In the last few weeks I went from having one older brother to having 4 half brothers!!!!
What in the world! I am one girl of 5 boys! The younger boys don’t know about me yet. The oldest who I mentioned a few posts back was adopted as well. He is the only one that I “knew” of. On my adoption paper work it said I had one older sibling but no other information. With all this coming to a head Karen called up Tim (whom she reunited with years ago) and told him about me and gave him my phone number. A day or so later I received a text. This was a text I was soooo looking forward to.
“Hey Sarah, I am you older brother or half-brother I guess, Karen told me a little about you”
OMG!!! I am now in contact with my brother. The person I had figured I would never find!How would you ever find a person from their year of birth only!!! And here we are texting!!!
Play it cool Sarah, don’t spaz out and act like a crazy person ……… Omgeeeee!
Okay so that might be a little crazier that how it went in my head but that little part of me was worried not to be hyper excited and scare this poor dude off.
It’s a lot like online dating, or what I remember of it, when it was new and not a natural way to meet people. You have this person you are interested in getting to know but you are texting, you lose tone, and emotion. I wasn’t really sure how to respond to him. It was more of a statement and no questions. Do I just go in with my whole life story? Tell him I’ve always been interested in siblings? WE HAVE SO MUCH TO TALK ABOUT!!!! Ahhhh. Okay, Sarah calm it down!
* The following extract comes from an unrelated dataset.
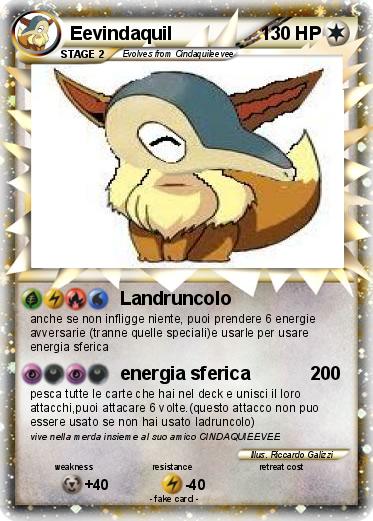 Pokemon Eevindaquil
You know, he’s just a typical guy lol. We had a nice first conversation getting to know each other a little bit once I pulled a little bit from him it moved a little more naturally. But, there was pulling. So, I didn’t press.
I know I shouldn’t compare but it was all in the matter of 24 hours so, I’m comparing. The very next day I reached out to Stan, my biological father, I gave him my disclaimer telling him I expected nothing and didn’t want to disrupt his life and BAM! We are in the mist of a very natural conversation. It’s very easy and comforting to speak to him. Now these are obviously two very different men, with very different roles so why wouldn’t our conversations be extremely different?
I guess it all comes back to expectations. When it came to biological parents especially father since he knew nothing about me, I had none, but with siblings especially this one since he was adopted like I was, I did. I wanted him to be excited about me like I am of him and want to get to know each other and build this wonderful grand friendship … that’s in my head I know that personality’s play a huge role in it.
So, I’m not getting the same reaction from him as I had hoped. That’s okay! I reached out to him the other day explaining to him what I am interested in, and if he’s not, that’s okay BUT, if he could give me three things. His date of birth, his last name and a picture.
A few days later he granted me with those three things. So, we will just take it all from there!
P.S. there are now three people in the world, besides my children, who I look like! It’s pretty cool!